Three star architects have been tapped by General Investment and Development Companies (GID) to build out a nearly five-acre portion of undeveloped land on the Upper West Side’s Hudson River waterfront. Richard Meier and Partners Architects, Rafael Viñoly Architects, and Kohn Pedersen Fox Associates have each been brought on to design a residential building for Waterline Square, one of the last new development enclaves on the prized waterfront of Manhattan’s maxed-out west side.

Although the project dons a new name, those keeping track of Manhattan waterfront development will recognize the site between West 59th and 61st streets as a slice of Riverside Center, the late-aughts dream project of Extell Development with a master plan by Christian de Portzamparc and input from architect of record Goldstein, Hill & West.

Extell’s plan to singularly develop the five-building mixed-use project began falling apart almost as soon as it got the green light from City Planning back in 2010; in late 2015 Extell sold off several portions of the 31.5 million-square-foot development site to GID for $676 million.

Waterline Square picks up where Riverside Center left off.

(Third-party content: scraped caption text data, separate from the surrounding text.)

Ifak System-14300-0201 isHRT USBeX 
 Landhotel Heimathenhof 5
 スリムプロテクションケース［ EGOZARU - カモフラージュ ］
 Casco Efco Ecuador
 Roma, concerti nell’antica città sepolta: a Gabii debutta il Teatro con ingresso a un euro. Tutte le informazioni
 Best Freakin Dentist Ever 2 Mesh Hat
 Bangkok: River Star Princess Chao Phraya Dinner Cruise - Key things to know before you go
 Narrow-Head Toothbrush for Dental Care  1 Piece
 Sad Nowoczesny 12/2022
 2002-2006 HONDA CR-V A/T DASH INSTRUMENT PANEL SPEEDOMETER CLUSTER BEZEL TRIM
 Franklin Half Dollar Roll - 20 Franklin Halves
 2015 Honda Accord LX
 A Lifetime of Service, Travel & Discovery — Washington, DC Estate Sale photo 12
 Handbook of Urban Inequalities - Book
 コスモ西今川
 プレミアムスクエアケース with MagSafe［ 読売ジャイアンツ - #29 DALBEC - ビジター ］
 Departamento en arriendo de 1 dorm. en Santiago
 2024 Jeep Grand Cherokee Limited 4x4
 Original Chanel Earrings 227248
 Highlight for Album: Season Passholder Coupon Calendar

Kohn Pedersen Fox was already in place to design an amenity-packed Riverside Center building at Riverside Center site 1 when the parcel was sold to GID. Under the new scheme, KPF’s contribution will be known as Two Waterline Square and stand along 61st Street towards the Hudson River.

Richard Meier’s One Waterline Square will stand along West 59th Street towards the Hudson River, and will rise on Riverside Center site 3. Raphael Viñoly’s Three Waterline Square will stand near the intersection of West 59th Street and Freedom Place South, the small pedestrian throughway that snakes through Portzamparc’s master plan, at Riverside Center site 4. Each of the buildings will host condominiums up top with rentals in their bases, with one- through five-bedrooms sprinkled throughout.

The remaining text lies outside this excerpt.